### Directions for this task:
When you restate the records, do so word for word and omit any picture they contain.

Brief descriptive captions

***

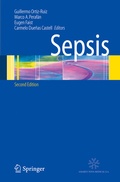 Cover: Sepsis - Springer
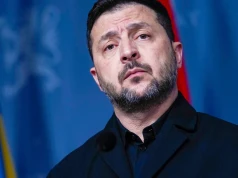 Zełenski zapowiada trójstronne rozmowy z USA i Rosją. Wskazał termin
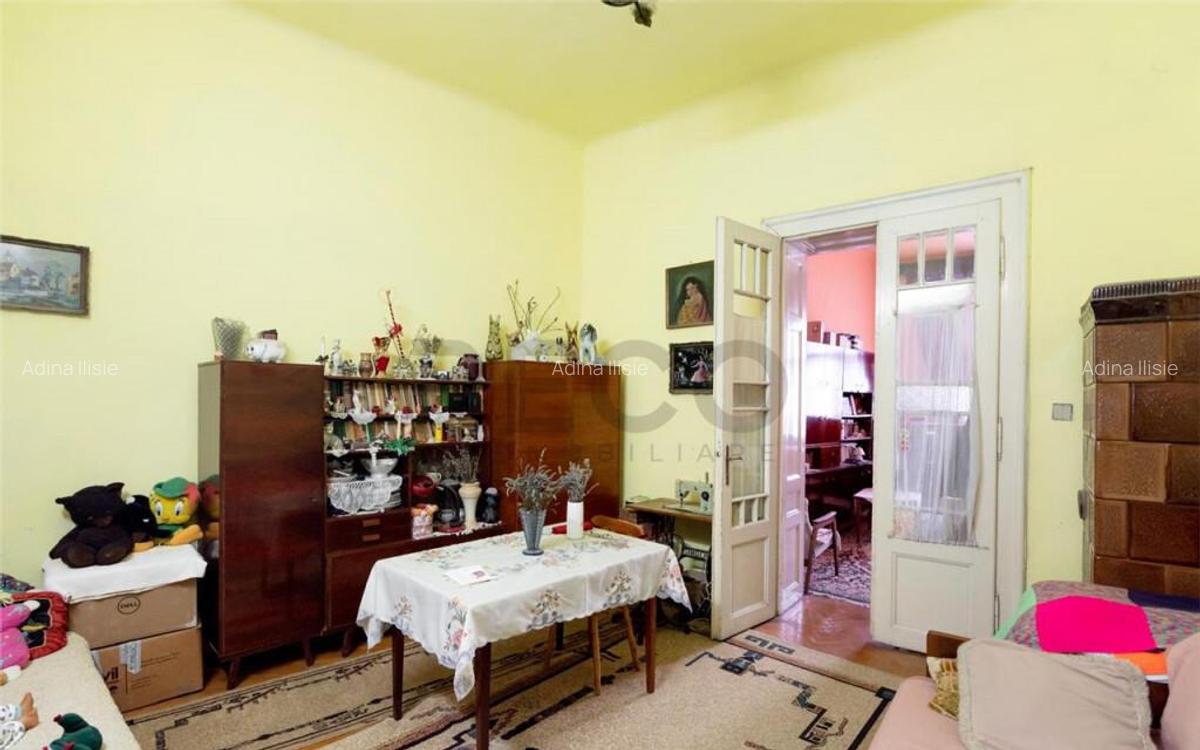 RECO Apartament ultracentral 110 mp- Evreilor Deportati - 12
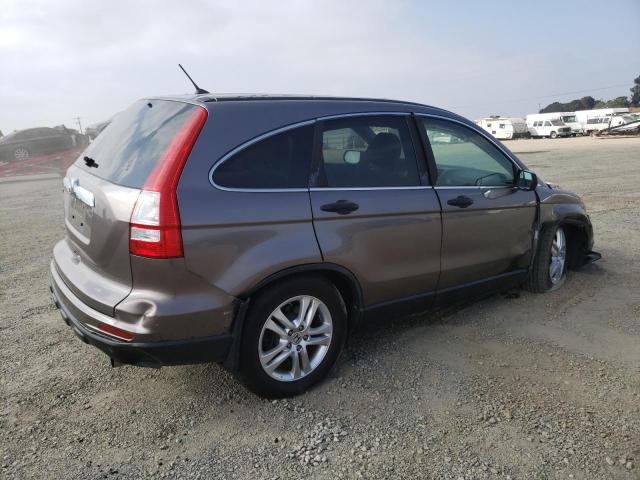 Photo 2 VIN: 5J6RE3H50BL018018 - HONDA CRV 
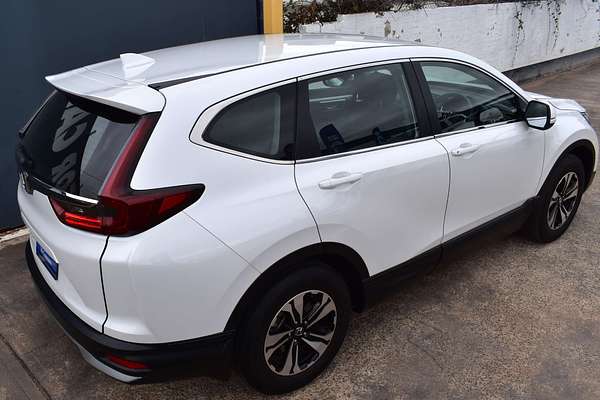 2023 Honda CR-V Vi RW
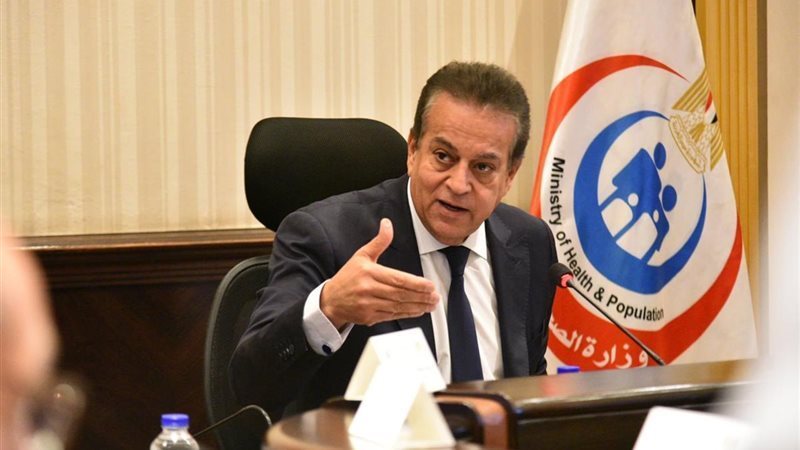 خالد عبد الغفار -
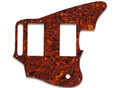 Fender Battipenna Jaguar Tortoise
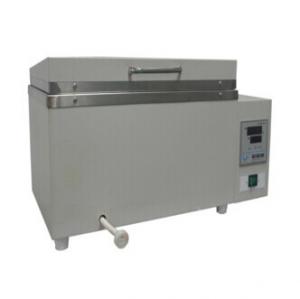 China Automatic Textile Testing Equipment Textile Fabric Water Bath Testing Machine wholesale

***

### Result for this task:
 Cover: Sepsis - Springer
 Zełenski zapowiada trójstronne rozmowy z USA i Rosją. Wskazał termin
 RECO Apartament ultracentral 110 mp- Evreilor Deportati - 12
 Photo 2 VIN: 5J6RE3H50BL018018 - HONDA CRV 
 2023 Honda CR-V Vi RW
 خالد عبد الغفار -
 Fender Battipenna Jaguar Tortoise
 China Automatic Textile Testing Equipment Textile Fabric Water Bath Testing Machine wholesale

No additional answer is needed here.